Pemprov DKI Terbitkan Pergub Baru Tentang Kawasan Dilarang Merokok

Pemprov DKI Terbitkan Pergub Baru Tentang Kawasan Dilarang Merokok

Ray Jordan - detikNews
Kamis, 31 Mei 2012 15:36 WIB
Jakarta - Bertepatan dengan hari Anti Tembakau Sedunia yang jatuh pada tanggal 31 Mei, Pemerintah Provinsi DKI Jakarta menerbitkan peraturan baru yang menjadi pedoman dalam pelaksanaan Kawasan Dilarang Merokok (KDM). Peraturan ini yaitu Peraturan Gubernur (Pergub) nomor 50 tahun 2012 tentang pedoman pelaksanaan, pembinaan, pengawasan dan penegakan hukum kawasan dilarang merokok.

"Peraturan baru ini merupakan palaksanaan dari peraturan sebelumnya, yaitu Peraturan Gubernur Nomor 88 Tahun 2010 tentang perubahan atas peraturan gubernur nomor 75 tahun 2005 tentang kawasan merokok," ujar Asisten Bidang Kesehatan Masyarakat Provinsi DKI Mara Oloan Siregar dalam jumpa pers di Balaikota DKI, Jakarta, Kamis (31/5/2012).

Menurut Mara, penerbitan Pergub no. 50 tahun 2012 ini sangatlah tepat. Mengingat pelaksanaan Pergub No. 88 tahun 2010 belum efektif.

SCROLL TO CONTINUE WITH CONTENT

"Karena tugas dan tanggung jawab kawasan dilarang merokok masih terfokus pada instansi-instansi tertentu di tingkat provinsi," jelasnya.

Mara mengatakan pergub baru ini tidak bertentangan dengan amar putusan MK yang mengubah pasal 115 ayat 1, dengan menghilangkan kata 'dapat', sehingga mempunyai arti gedung dan tempat kerja wajib menyediakan tempat khusus merokok di dalam gedung.

"Pergub ini tidak melawan putusan MK. Kami disini menekankan bahwa setiap tempat atau fasilitas umum harus menindak orang yang merokok di dalam gedung.
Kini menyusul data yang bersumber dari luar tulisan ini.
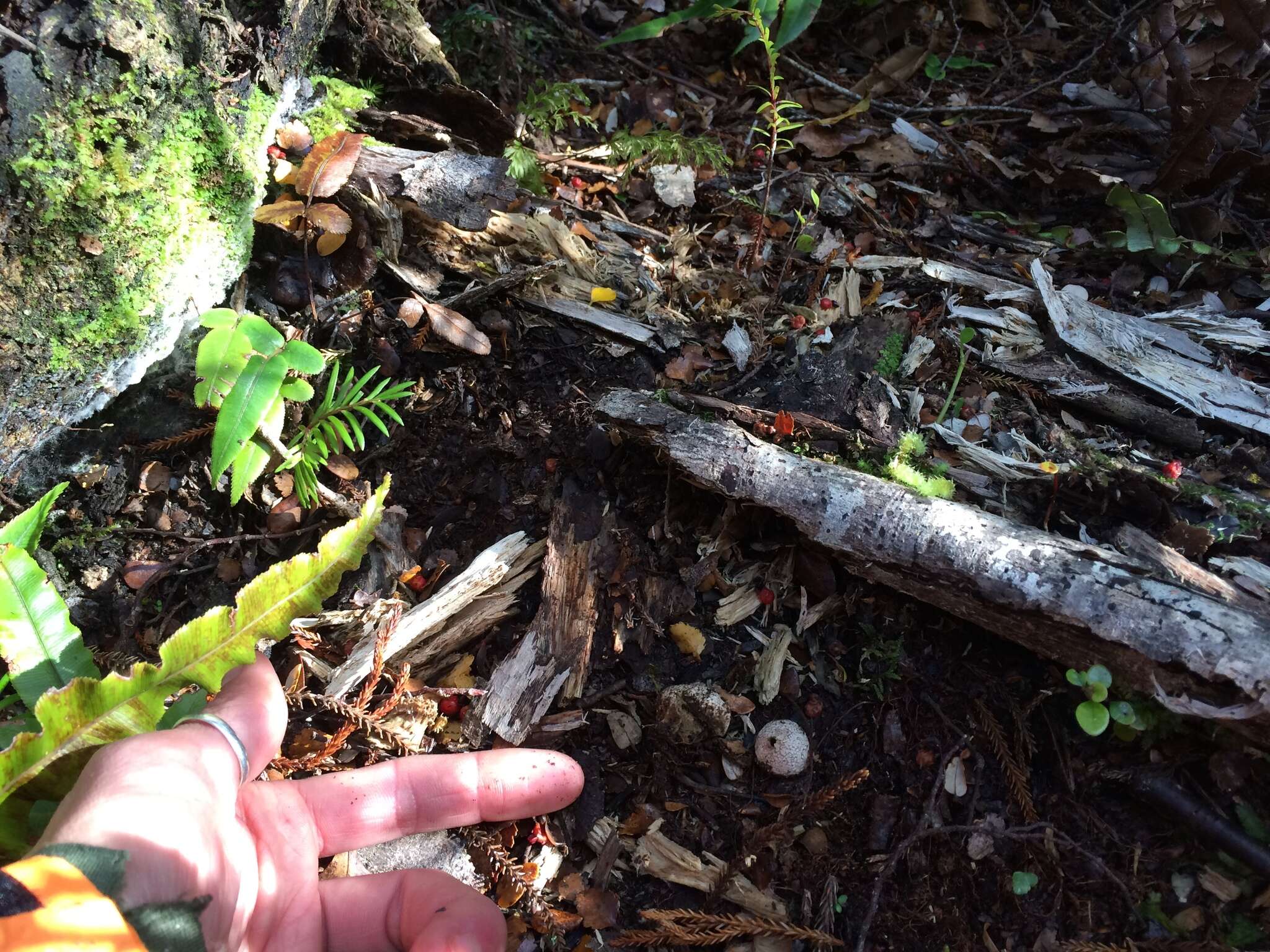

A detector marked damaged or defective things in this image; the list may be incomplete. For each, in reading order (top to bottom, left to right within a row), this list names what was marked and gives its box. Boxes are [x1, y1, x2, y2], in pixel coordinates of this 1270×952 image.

splintered wood piece [599, 388, 1270, 736]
Jadi bagi yang mau merokok, silakan di luar gedung," ujar Mara.

"Pergub baru ini bertujuan untuk lebih mengintensifkan kawasan larangan merokok. Mengatur tentang pembinaannya, kawasannya dan peraturannya," tambah Mara.
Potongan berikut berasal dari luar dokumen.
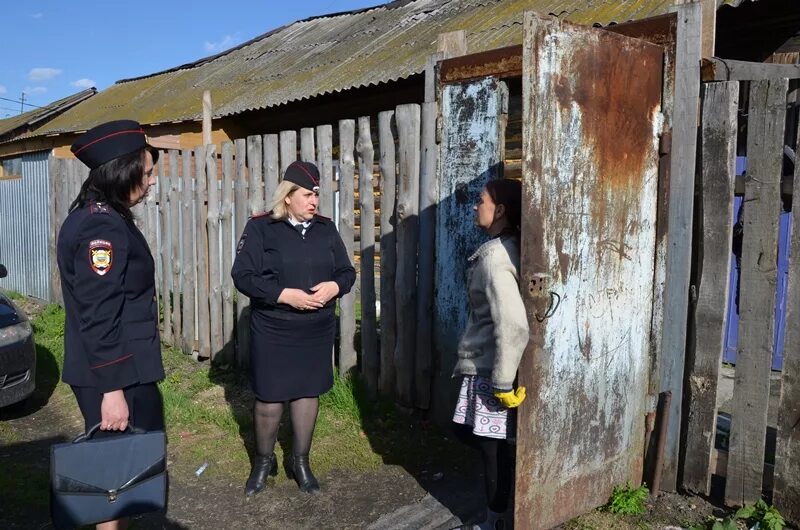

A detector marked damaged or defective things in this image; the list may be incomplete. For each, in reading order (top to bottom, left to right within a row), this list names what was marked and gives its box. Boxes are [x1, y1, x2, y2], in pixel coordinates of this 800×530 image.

Berikut adalah hal-hal penting yang diatur dalam pergub No. 50 tahun 2012:

1. Peran serta pengelola tempat/gedung/angkutan umum diperkuat untuk memastikan penerapan kawasan dilarang merokok di tempat yang menjadi tanggung jawabnya.

2. Pengelola tempat/gedung/angkutan umum wajib menyediakan sarana pengaduan masyarakat dengan mencantumkan nomor telepon/sms/email dalam poster atau bentuk lainnya.

3. Koordinasi pengawasan dan penegakan hukum dilakukan berjenjang di tingkat provinsi dan kota/kabupaten.

4. Pengawasan terdistribusi dan terdesentralisasi ke instansi di provinsi, kota dan kecamatan/kelurahan agar dapat menjangkau seluruh tempat di wilayah provinsi DKI.

5. Setiap pengawas dibekali oleh berita acara pengawasan (BAP) yang mudah dan sederhana dan panduan pengawasan yang lengkap. Ada juga tim pengawas terpadu sebagai tim yang akan mengawasi gedung yang multifungsi (mall di dalam hotel).

6. Setiap instansi terkait wajib menerima dan menindaklanjuti pengaduan masyarakat dan hasil pengawasan.